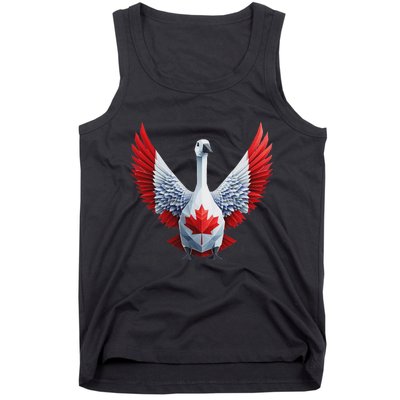 Canada Day Maple Leaf Bird Design Tank Top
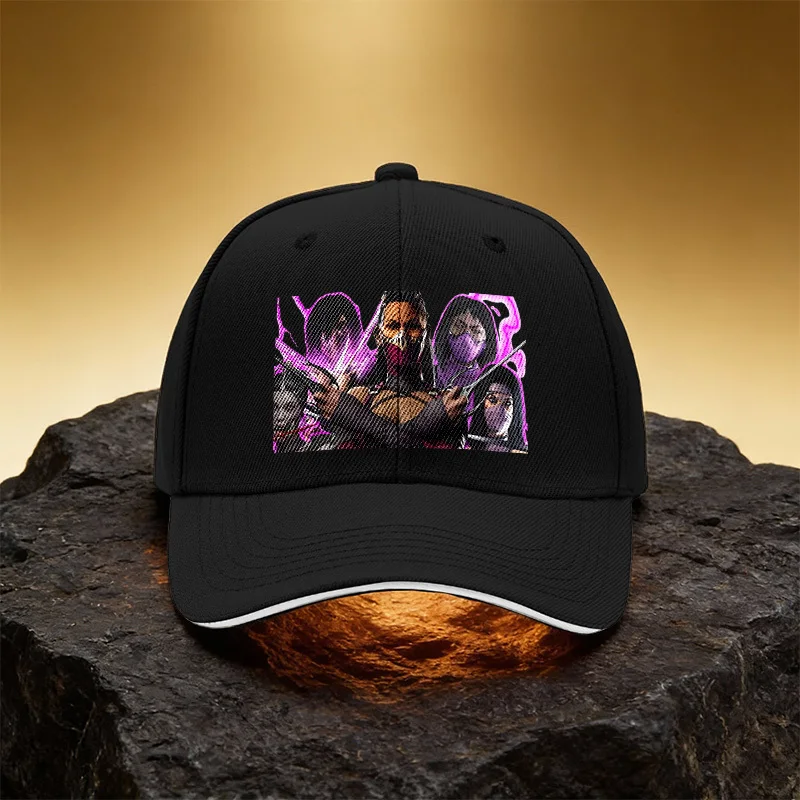 Purple Samurai Armor Decorative Hat, Unisex Printed Baseball Cap Sandwich Duckbill Sports Cap, Suitable for Daily Commute and Tr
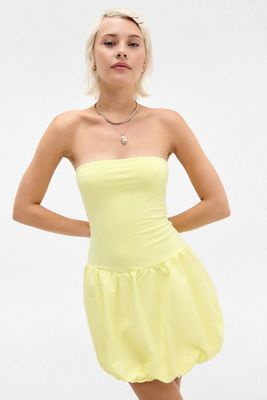 Kimchi Blue Bandeau Bubble Mini Dress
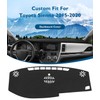 BIBLOZ Dash Cover for Toyota Sienna 2015-2020 Accessories Black Flannel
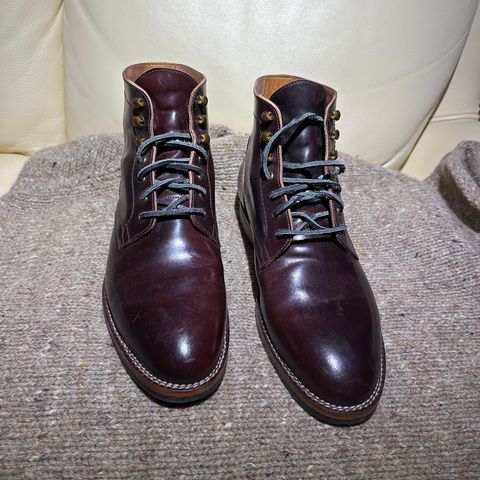 BLKBRD Rudiger Service Boot in Horween Color 8 Shell Cordovan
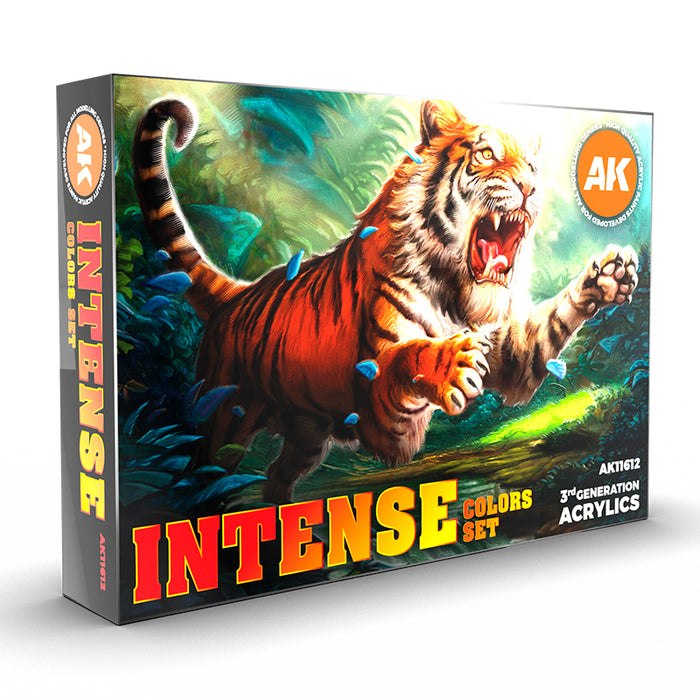 Intense Colors Acrylic Paint Set 3rd Generation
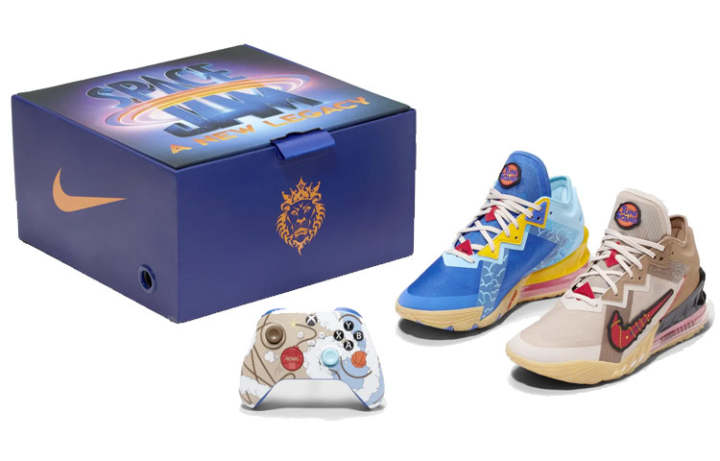 Nike Xbox x Nike Lebron 18 Low 'Wile E. X Roadrunner' Air Slam Dunk Abrasion Resistant Support Abrasion Resistant Support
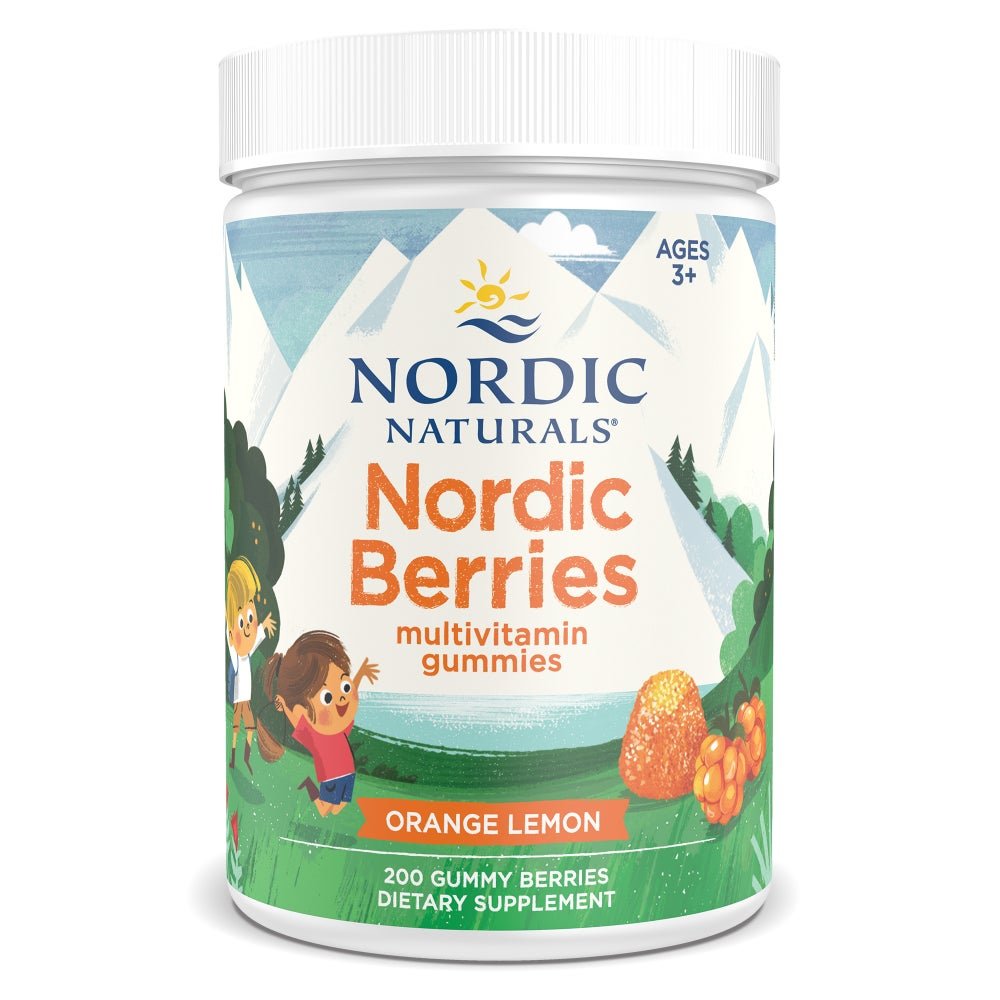 Nordic Berries Pomarańcza & Cytryna 200 gummies Nordic Naturals Sklep Nordic.pl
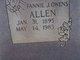  Fannie Jane <I>Bean</I> Allen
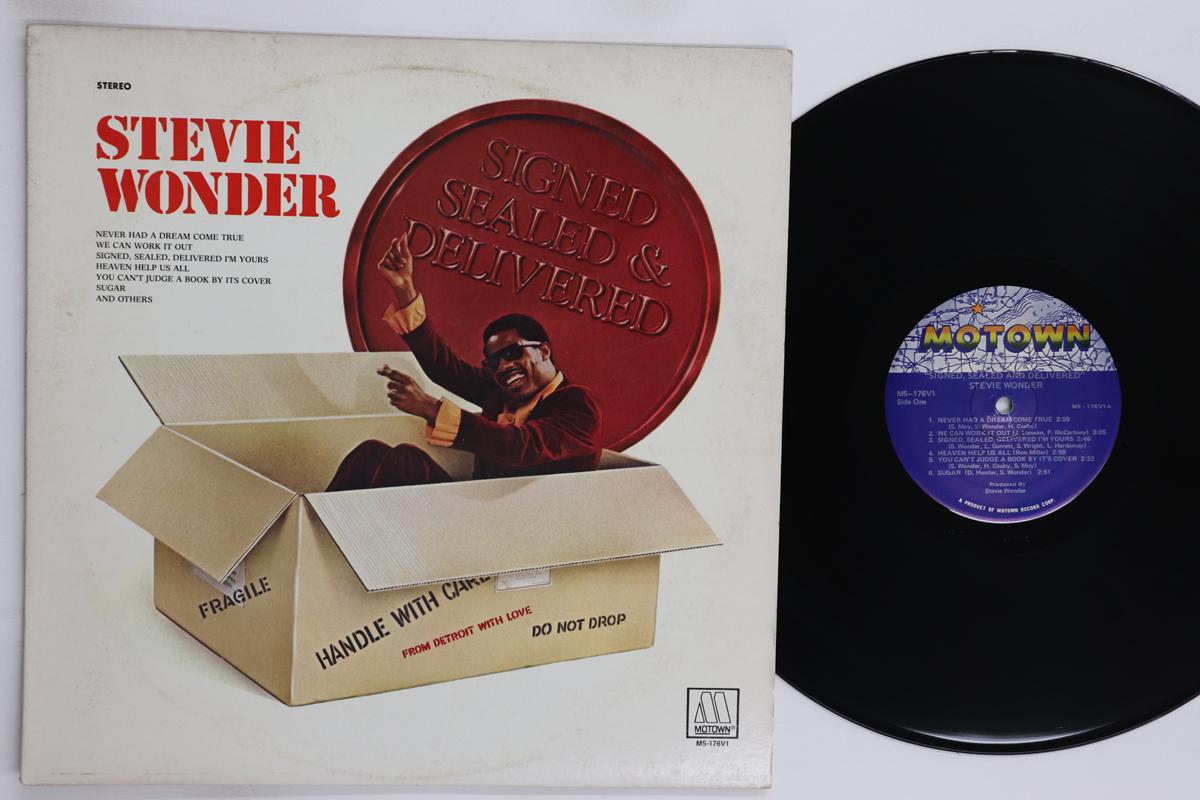 

LP Record STEVIE WONDER Signed Sealed Delivered M5176V1 MOTOWN 1981 US SoulFunk Used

**What you need to do:**
Please write out exactly the lines from the one containing "BIBLOZ Dash Cover" through the last line of the records above, and leave out any pictures.

**Solution:**
 BIBLOZ Dash Cover for Toyota Sienna 2015-2020 Accessories Black Flannel
 BLKBRD Rudiger Service Boot in Horween Color 8 Shell Cordovan
 Intense Colors Acrylic Paint Set 3rd Generation
 Nike Xbox x Nike Lebron 18 Low 'Wile E. X Roadrunner' Air Slam Dunk Abrasion Resistant Support Abrasion Resistant Support
 Nordic Berries Pomarańcza & Cytryna 200 gummies Nordic Naturals Sklep Nordic.pl
  Fannie Jane <I>Bean</I> Allen

LP Record STEVIE WONDER Signed Sealed Delivered M5176V1 MOTOWN 1981 US SoulFunk Used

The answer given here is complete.